The ability to write, to express ourselves with words, is a gift.

Most of us write for personal reasons and never think of publication.

The business of writing is a tough one and hard to break into.

The writings you see in this blog may be a 'first publication credit' for the authors. They write using pen names.

Writing from the Inside--Pick of the Bunch:
Scroll down to the brown to read "Back to Square One," a poem by Alto Saxophone.

Thursday, September 1, 2011

Where is home...if that's where the heart is?

"Home is where the heart is" is a trite phrase used often by people in daily life--and twice by writers featured in this blog. In writing we are to avoid using these kinds of words or, at least, put quotation marks around them to show that we know they are overused and have lost meaning. But, home was a theme these women prisoners wanted to write about--and that is where their hearts are.
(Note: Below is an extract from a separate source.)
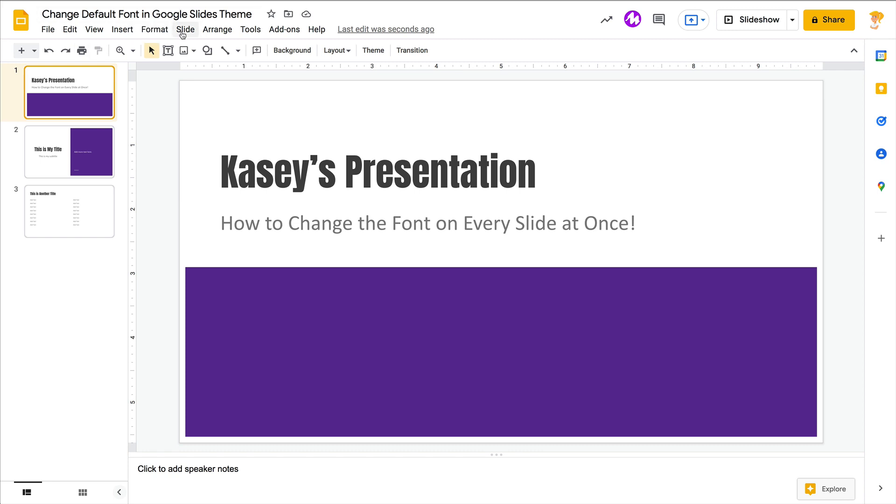To go to Slide, Edit Theme, and you can change that font and change the default inside that Google Slides theme.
These days in our nation, home and home life appear often to be a disaster. Soon we will remember September 11, 2001, when, ten years ago, our nation was attacked by those who did not think of America as their "home." Soon after that horrible event, we were introduced to the concept of this country as our "homeland." The words seemed strange, as if a truth we knew, perhaps took for granted, was being forced upon us.

H.O.M.E. Those four letters form a very powerful word: soldiers are coming "home," a family loses its "home" to foreclosure, a little Jewish boy in Brooklyn on his way "home" gets lost and is killed by a stranger, a 100 year-old prayer warrior goes "home" to Glory.
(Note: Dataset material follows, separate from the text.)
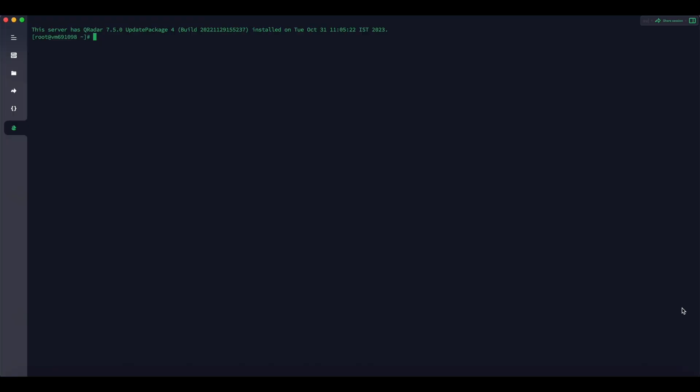Now let us understand the procedure of clearing the Tomcat cache. First, use SSH into QRadar console as a root user. To create a backup directory for the files, type mkdir /.store/.ibm_support.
What is home really? A dwelling place of wood or brick? A particular spot on earth? People? A concept? A feeling?  If we, like the prisoner, have to give up everything or if we sell all we have like Jesus urged the rich young man to do, do we have no "home?"

The great American poet, Robert Frost, said, "Home is the place where, when you have to go there, they have to take you in."  The prisoner knows this and the writings in this blog reflect that--or show the difference.